Lastly, in a most unusual serendipitous study conducted in North Carolina, McCarthy et al. (2006) determined that the non-intensively managed pine plantation that is home to the Duke Forest FACE study experienced a huge reduction in living biomass carbon during a severe ice storm that affected much of the southeastern United States between 4 and 5 December of 2002. Drawing on weather and damage survey data from the entire storm cell, they calculated that the amount of carbon that was transferred from the living to the dead biomass pool during that single event was equivalent to about 10% of the annual carbon sequestration of all forests in the conterminous United States.

Taking advantage of this unique situation, McCarthy et al. compared how the ambient-air and CO2-enriched loblolly pine trees of the Duke Forest FACE study stood up to the devastating effects of the storm. After carefully tabulating all of the damage done to the trees in their experimental plots, they found that the loblolly pine trees growing in ambient air experienced an ice-storm-induced live biomass carbon reduction of 254 g C m-2, while those growing in air enriched with an extra 200 ppm of CO2 (about a 50% increase above the ambient concentration) suffered a live biomass carbon reduction of only 80 g C m-2, which loss was about 70% less than the loss experienced by the trees growing in ambient air. What is more, they found that because of the lesser leaf area reduction caused by the storm in the CO2-enriched plots, the trees in those plots "also exhibited a smaller reduction in biomass production the following year."

In discussing the significance of their findings, the seven researchers who conducted the analysis say their results suggest that "forests may suffer less damage during each ice storm event of similar severity in a future with higher atmospheric CO2." And of particular significance to the subject of this Summary, they say that "the lessening of crown breakage by ice storms in a future CO2-enriched atmosphere may allow loblolly pine to expand its range northerly," because "ice damage to upper crowns decreases the reproductive capacity of species that rely on wind for seed dispersal and therefore produce seeds exclusively in the upper crown," which can limit the range expansion capacities of such trees and the creation of new forests.

In concluding, we note that the findings of these scattered United States investigations, which stretch from the northwestern part of the country to its southeastern sector, are pretty much the same as those observed in more intensively studied parts of the land. And in the face of what climate alarmists describe as the most serious threat facing the world today (concomitant unprecedented increases in atmospheric temperature and CO2 concentration), the findings of these many studies clearly demonstrate that nothing but good has come of the "threat" over the entire course of the 20th century.

References
Idso, K.E. and Idso, S.B. 1994. Plant responses to atmospheric CO2 enrichment in the face of environmental constraints: a review of the past 10 years' research. Agricultural and Forest Meteorology 69: 153-203.

Idso, S.B. 1995. CO2 and the Biosphere: The Incredible Legacy of the Industrial Revolution. Department of Soil, Water and Climate, University of Minnesota, St. Paul, MN.

Jackson, R.B., Banner, J.L., Jobbagy, E.G., Pockman, W.T. and Wall, D.H. 2002. Ecosystem carbon loss with woody plant invasion of grasslands. Nature 418: 623-626.

Klasner, F.L. and Fagre, D.B. 2002. A half century of change in alpine treeline patterns at Glacier National Park, Montana, U.S.A. Arctic, Antarctic, and Alpine Research 34: 49-56.

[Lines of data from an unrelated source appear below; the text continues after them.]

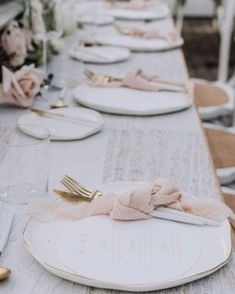 the table is set with white plates and pink napkins, gold cutlery and silverware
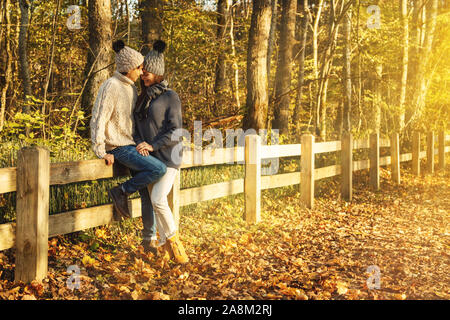 Junges Paar Tragen warme Pullover und Wolle Hüte im Park am sonnigen Herbsttag Stockfoto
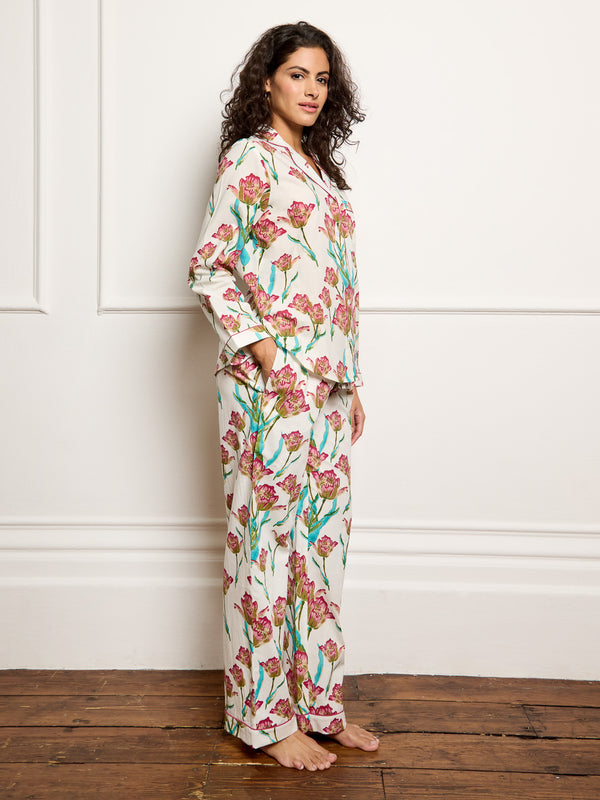 Model wears traditional long cotton pyjamas ion a hand drawn tulip print.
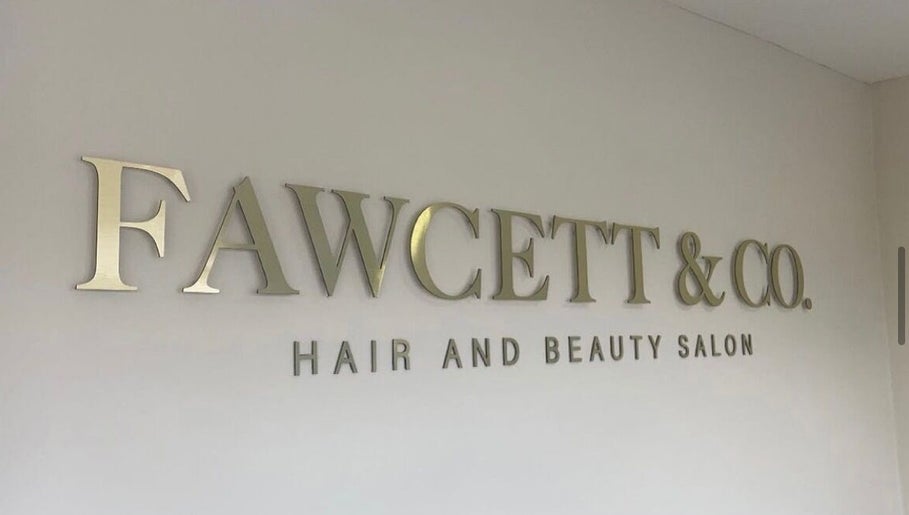 Fawcett & Co. Hair and Beauty Salon signage in Leeds, England, GB on display wall.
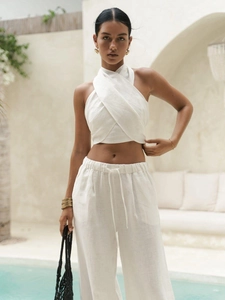 Detail of white cross halter top and wide-leg trousers in breathable linen fabric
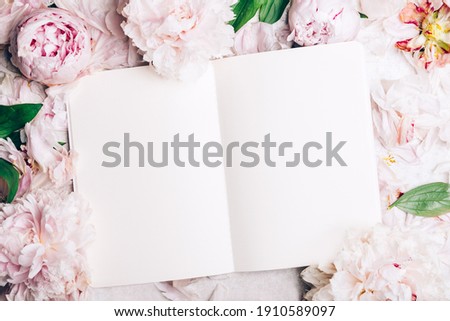 Frame made of pink peony flowers and open notebook for writing your dreams or manifistations. Feminine flower composition. Flat lay, top view.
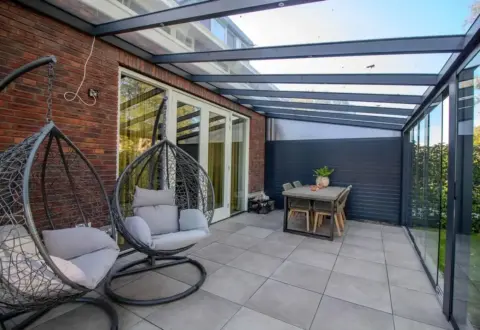 Serre - binnekant Serre - binnenkant met hangstoelen en tafel erin geplaatst
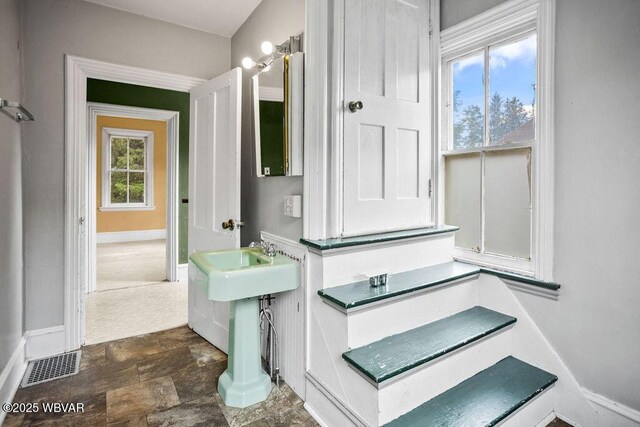 152 Carpenter St, Dushore, PA 18614 - bathroom with baseboards and stone finish flooring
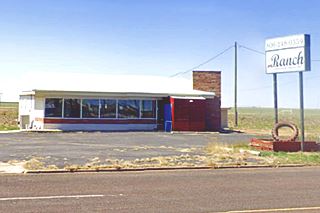 one floor building, a restaurant with its neon sign Ranch Cafe Groom, Route 66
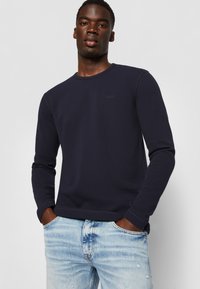 Marineblaues Langarm-T-Shirt mit gerippter Textur und Rundhalsausschnitt, mit einem dezenten Logo auf der Brust, kombiniert mit hellblauen, ausgewaschenen Jeans.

Knight, C.L., Briggs, J.M. and Nellis, M.D. 1994. Expansion of gallery forest on Konza Prairie Research Natural Area, Kansas, USA. Landscape Ecology 9: 117-125.

McCarron, J.K., Knapp, A.K. and Blair, J.M. 2003. Soil C and N responses to woody plant expansion in a mesic grassland. Plant and Soil 257: 183-192.

McCarthy, H.R., Oren, R., Kim, H.-S., Johnsen, K.H., Maier, C., Pritchard, S.G. and Davis, M.A. 2006. Interaction of ice storms and management practices on current carbon sequestration in forests with potential mitigation under future CO2 atmosphere. Journal of Geophysical Research 111: 10.1029/2005JD006428.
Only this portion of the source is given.